Data provided:
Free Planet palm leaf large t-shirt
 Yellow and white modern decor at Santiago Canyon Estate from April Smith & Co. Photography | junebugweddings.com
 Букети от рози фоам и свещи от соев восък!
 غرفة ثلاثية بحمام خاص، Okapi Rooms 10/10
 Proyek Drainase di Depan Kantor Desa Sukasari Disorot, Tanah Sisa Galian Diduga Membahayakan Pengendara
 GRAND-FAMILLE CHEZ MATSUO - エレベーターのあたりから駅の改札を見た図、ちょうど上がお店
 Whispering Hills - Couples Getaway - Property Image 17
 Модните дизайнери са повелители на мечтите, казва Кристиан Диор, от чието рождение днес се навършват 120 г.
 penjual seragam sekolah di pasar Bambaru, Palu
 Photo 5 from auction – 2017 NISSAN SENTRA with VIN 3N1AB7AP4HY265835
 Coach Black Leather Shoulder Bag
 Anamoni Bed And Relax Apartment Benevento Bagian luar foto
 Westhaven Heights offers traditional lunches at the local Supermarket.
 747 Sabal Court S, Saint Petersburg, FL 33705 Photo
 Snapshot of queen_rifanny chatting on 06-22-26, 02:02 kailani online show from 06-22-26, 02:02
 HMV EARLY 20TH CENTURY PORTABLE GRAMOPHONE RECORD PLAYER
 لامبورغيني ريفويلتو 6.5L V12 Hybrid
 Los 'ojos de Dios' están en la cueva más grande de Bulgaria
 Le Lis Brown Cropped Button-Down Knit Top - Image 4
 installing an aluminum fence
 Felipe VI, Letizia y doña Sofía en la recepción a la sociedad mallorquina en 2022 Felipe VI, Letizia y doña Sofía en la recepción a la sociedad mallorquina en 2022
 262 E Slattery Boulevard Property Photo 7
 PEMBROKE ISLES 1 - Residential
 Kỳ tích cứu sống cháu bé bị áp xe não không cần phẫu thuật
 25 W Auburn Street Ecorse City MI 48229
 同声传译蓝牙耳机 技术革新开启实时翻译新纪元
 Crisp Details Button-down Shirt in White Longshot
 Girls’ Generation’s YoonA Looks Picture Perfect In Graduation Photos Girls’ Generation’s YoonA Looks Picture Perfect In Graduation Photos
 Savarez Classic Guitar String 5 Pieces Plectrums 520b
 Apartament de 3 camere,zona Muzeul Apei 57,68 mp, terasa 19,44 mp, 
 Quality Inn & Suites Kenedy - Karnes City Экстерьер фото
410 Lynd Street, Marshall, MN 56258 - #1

Task directions: What goes in the answer is the run of lines from the one holding "Savarez Classic Guitar" to the end of the entries, reproduced exactly and with nothing else.

Answer box:
 Savarez Classic Guitar String 5 Pieces Plectrums 520b
 Apartament de 3 camere,zona Muzeul Apei 57,68 mp, terasa 19,44 mp, 
 Quality Inn & Suites Kenedy - Karnes City Экстерьер фото
410 Lynd Street, Marshall, MN 56258 - #1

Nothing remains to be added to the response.